Canada

Important tax changes Canadians should know about in 2024

Some tax changes this year are increasing costs for Canadians, including one that a tax specialist says could be the “last winter storm of the season that really turns things upside down.”

From higher income taxes to alcohol taxes, here are some important tax changes this year that Canadians should know about.

FEDERAL INCOME-BASED TAXES

The Canadian Taxpayers Federation highlighted some important tax measures in its report released in December 2023. It said almost all Canadians will pay higher federal income taxes this year because of changes to Canada Pension Plan contributions and Employment Insurance premiums. The Ottawa-based not-for-profit citizen’s group says it’s committed to lowering taxes and keeping the government accountable.

While workers making $30,000 will pay $9 more in 2024, people earning at least $80,000 will pay $347 more, the federation says.

EMPLOYMENT INSURANCE

The federal employment insurance rate and maximum annual insurable earnings have increased this year from 1.63 per cent for $61,500 in 2023 to 1.66 per cent for $63,200 in 2024 for employees. This means that employees must pay a maximum annual premium of $1,049.12.

For employers, the rate rose from 2.28 per cent in 2023 to 2.32 per cent this year, so they must now pay a maximum annual premium of $1,468.77.

For Quebec residents, the EI rate rose from 1.27 per cent for $61,500 to 1.32 per cent for $63,200. Quebec employees must pay a maximum annual premium of $834.24 in 2024. For Quebec employers, the rate grew from 1.78 per cent to 1.85 per cent, making their maximum annual contribution $1,167.94.

Since 2018, EI for employees and employers has risen by $191 and $267, respectively, according to the Canadian Taxpayers Federation.
 

CARBON TAX SET TO CLIMB

The federal carbon tax will increase to $80 per tonne from $65 per tonne on April 1, 2024. The carbon tax applies to all taxpayers except those in Quebec.
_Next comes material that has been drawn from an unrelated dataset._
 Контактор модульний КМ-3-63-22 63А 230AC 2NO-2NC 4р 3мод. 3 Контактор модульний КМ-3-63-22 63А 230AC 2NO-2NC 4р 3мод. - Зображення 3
As a result, the price per litre of gas climbs to 17.6 cents from 14.3 cents. That will cost a family about $12.32 each time they fill a 70-litre minivan, the federation said.

Meanwhile, Canadians living in provinces using the federal carbon tax began receiving carbon pricing rebates(opens in a new tab) Monday from the federal government’s Climate Action Incentive payment. The rebates depend on the size of the household and are given every three months.

ALCOHOL TAXES

Starting April 1, 2024, the excise tax on beer, wine and spirits will be up 4.7 per cent because of the alcohol escalator tax. The increase will cost taxpayers about $100 million this year and next year, the federation said.

DIGITAL SERVICES TAX

The Canadian Taxpayers Federation says consumers can expect to pay higher prices because of a new three per cent digital services tax that aims to get tech giants such as Amazon, Uber and Facebook to pay their fair share of taxes. The tax would apply to businesses with annual worldwide revenues of at least 750 million euros and annual Canadian digital services revenue greater than $20 million.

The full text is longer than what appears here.